→ Task goal: Set down each line of the material that follows exactly, and leave its pictures out.

→ Provided data:

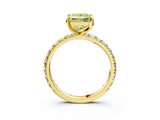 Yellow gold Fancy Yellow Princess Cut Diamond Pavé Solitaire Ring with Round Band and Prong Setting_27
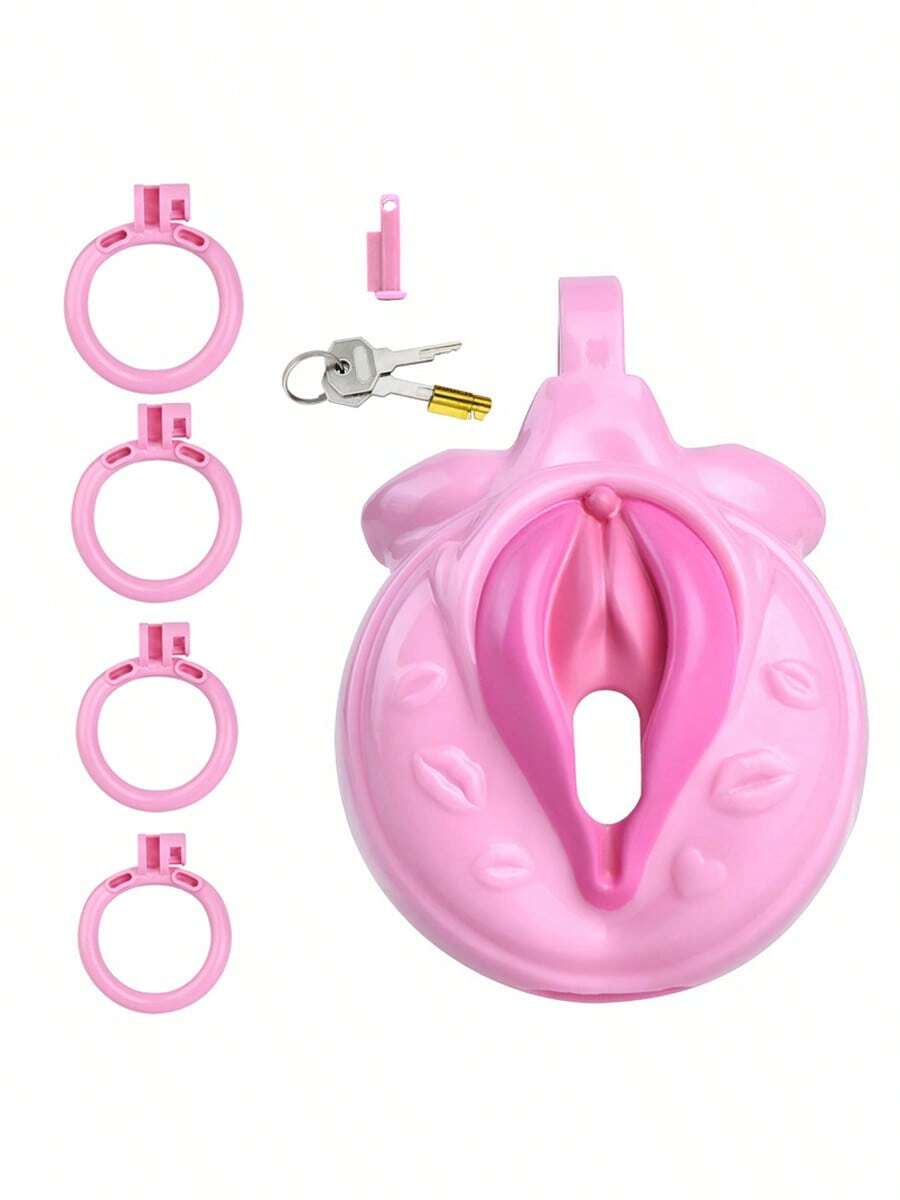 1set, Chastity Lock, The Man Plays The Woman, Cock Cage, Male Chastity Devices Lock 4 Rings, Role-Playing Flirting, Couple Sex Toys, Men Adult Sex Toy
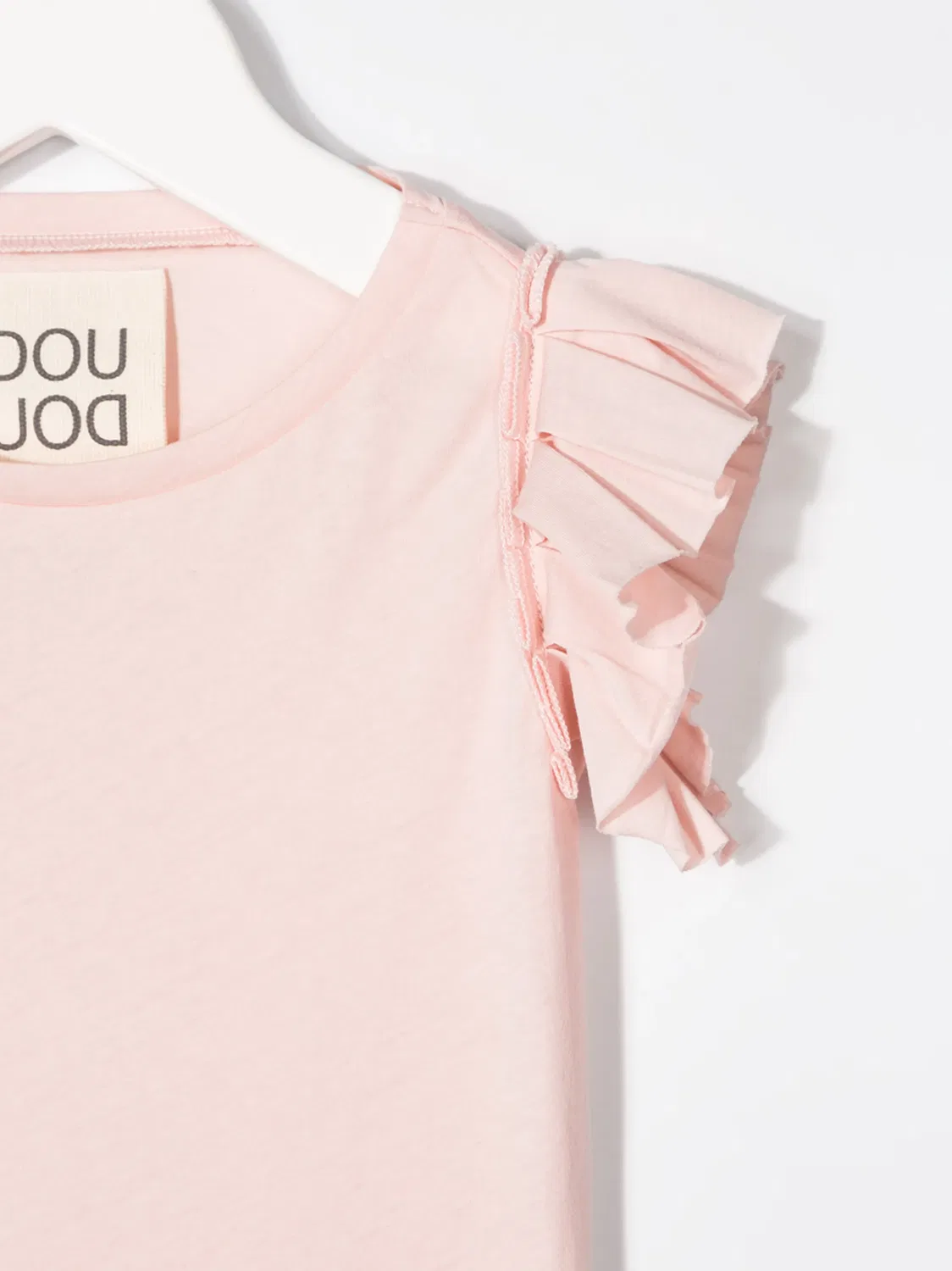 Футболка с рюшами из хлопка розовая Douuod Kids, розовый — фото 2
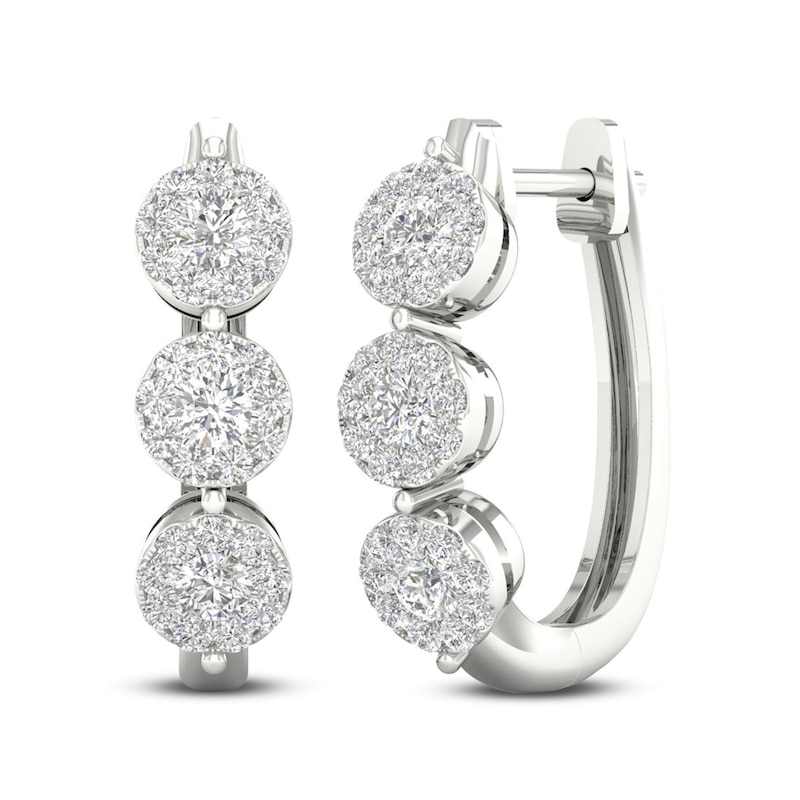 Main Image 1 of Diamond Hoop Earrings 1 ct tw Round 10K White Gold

→ Expected output:
 Yellow gold Fancy Yellow Princess Cut Diamond Pavé Solitaire Ring with Round Band and Prong Setting_27
 1set, Chastity Lock, The Man Plays The Woman, Cock Cage, Male Chastity Devices Lock 4 Rings, Role-Playing Flirting, Couple Sex Toys, Men Adult Sex Toy
 Футболка с рюшами из хлопка розовая Douuod Kids, розовый — фото 2
 Main Image 1 of Diamond Hoop Earrings 1 ct tw Round 10K White Gold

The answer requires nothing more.